Our recommended approach: AutoML for exploration, manual for production
For a frequency model going into production, our view is:
Use AutoGluon or H2O AutoML as an exploratory tool. Run it on your training data for 30-60 minutes. Inspect the leaderboard for which algorithms dominate, which features rank highest in SHAP importance, and what performance ceiling the data seems to support. Treat the AutoML output as a well-informed prior for your manual model design.
Then build the production model manually. For frequency:
- LightGBM with
objective='poisson'andinit_score=log(exposure)as the GBM backbone - Optuna for HPO with Poisson deviance as the objective, 200+ trials
- Explicit monotonicity constraints where the business requires them
- SHAP-based relativity tables for regulatory submission
This approach takes longer than AutoML alone, but it produces a model that is statistically correct, calibrated, and explainable. The AutoML phase saves time in the exploratory step; the manual phase ensures the production model meets actuarial standards.
If you want to use AutoML further in the pipeline, H2O gives you the best starting point — monotone_constraints at the AutoML level is a genuine advantage, and the individual H2O algorithms do support offsets when you bypass the AutoML wrapper. A hybrid approach where you use AutoML for architecture selection and then retrain the winning architecture with proper offset handling is practical.
What needs to change
The gap is not subtle. Adding offset_column to H2OAutoML.train() is presumably not a large engineering lift for the H2O team — individual algorithms already support it. The same addition to FLAML’s AutoML.fit() would require surfacing it from the custom estimator interface. AutoGluon would need a new problem type or a more flexible custom metric/loss system.
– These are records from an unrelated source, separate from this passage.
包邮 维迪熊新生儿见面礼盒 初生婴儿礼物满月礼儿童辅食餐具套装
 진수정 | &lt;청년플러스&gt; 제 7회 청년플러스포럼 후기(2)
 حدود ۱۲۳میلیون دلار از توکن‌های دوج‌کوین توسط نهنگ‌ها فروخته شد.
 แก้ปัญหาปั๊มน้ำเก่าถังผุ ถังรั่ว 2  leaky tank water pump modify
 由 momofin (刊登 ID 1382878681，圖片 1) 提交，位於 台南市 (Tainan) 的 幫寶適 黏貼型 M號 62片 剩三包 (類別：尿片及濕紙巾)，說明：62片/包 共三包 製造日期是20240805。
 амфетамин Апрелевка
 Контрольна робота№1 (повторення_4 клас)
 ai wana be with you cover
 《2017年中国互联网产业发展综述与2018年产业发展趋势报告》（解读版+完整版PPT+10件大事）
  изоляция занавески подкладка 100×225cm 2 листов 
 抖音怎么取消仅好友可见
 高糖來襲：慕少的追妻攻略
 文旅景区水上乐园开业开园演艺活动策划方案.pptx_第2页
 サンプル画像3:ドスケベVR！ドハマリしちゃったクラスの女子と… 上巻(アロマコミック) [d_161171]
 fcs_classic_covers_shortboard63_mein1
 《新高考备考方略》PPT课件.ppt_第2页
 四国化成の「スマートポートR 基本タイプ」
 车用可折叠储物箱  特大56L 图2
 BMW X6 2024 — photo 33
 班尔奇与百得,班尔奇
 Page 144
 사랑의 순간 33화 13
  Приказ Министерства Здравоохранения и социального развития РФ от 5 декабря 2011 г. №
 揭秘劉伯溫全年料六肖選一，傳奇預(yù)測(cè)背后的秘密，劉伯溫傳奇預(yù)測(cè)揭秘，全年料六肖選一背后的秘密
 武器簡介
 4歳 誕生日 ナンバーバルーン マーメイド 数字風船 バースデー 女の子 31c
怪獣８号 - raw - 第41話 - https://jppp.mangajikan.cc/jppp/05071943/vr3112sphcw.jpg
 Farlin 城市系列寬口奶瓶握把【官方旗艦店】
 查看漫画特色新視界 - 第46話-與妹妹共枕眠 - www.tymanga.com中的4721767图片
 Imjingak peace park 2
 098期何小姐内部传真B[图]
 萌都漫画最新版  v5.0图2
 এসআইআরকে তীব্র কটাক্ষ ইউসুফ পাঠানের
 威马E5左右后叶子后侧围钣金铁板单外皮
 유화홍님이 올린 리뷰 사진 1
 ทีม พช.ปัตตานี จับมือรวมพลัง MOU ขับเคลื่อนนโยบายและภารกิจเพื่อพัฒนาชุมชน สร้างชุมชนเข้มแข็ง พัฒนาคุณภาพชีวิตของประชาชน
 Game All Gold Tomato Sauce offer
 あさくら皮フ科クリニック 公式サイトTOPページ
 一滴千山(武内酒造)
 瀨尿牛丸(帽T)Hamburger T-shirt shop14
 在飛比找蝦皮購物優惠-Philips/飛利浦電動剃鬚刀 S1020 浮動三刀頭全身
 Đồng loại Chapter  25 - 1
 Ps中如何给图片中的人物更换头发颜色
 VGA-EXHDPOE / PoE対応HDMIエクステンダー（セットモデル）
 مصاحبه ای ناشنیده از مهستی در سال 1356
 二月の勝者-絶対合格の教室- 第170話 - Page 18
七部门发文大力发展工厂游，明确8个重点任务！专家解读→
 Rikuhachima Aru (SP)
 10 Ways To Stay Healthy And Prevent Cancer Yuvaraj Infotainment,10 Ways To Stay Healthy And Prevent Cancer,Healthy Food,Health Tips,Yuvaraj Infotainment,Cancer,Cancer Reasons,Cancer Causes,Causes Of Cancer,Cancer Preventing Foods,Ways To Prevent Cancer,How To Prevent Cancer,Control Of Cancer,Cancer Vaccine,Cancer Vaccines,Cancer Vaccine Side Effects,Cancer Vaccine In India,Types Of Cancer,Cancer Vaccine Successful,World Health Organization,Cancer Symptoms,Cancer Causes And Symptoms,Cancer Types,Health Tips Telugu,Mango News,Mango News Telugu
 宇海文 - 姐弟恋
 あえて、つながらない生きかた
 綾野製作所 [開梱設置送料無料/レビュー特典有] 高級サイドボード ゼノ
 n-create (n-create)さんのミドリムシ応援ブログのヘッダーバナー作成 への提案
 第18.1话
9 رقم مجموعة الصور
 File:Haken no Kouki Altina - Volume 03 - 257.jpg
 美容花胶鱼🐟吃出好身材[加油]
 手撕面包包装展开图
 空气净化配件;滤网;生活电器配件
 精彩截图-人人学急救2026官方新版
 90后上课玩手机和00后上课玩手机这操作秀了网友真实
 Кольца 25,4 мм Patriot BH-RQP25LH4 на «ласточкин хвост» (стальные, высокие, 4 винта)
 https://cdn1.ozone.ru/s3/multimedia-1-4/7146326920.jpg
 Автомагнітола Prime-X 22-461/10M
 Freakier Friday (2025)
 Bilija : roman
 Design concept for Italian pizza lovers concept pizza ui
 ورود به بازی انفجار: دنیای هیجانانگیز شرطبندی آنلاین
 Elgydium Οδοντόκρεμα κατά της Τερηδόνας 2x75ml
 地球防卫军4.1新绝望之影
None of this has happened yet because insurance is a niche, and the actuarial community has not, collectively, filed the GitHub issues and made the case loudly enough. That is a gap in our professional engagement with open-source tooling, not a fundamental limitation of the frameworks.
Until it changes, AutoML for insurance frequency modelling requires workarounds that undermine the point of AutoML. Use it where it works. For frequency models, build it properly.
freMTPL2 data from the CASdatasets R package (Dutang & Charpentier). Dong & Quan (2024): arXiv:2408.14331. Wüthrich (2019) GLM baseline: 0.3149 mean Poisson deviance on freMTPL2freq. H2O AutoML v3.46, FLAML v2.5, AutoGluon v1.5.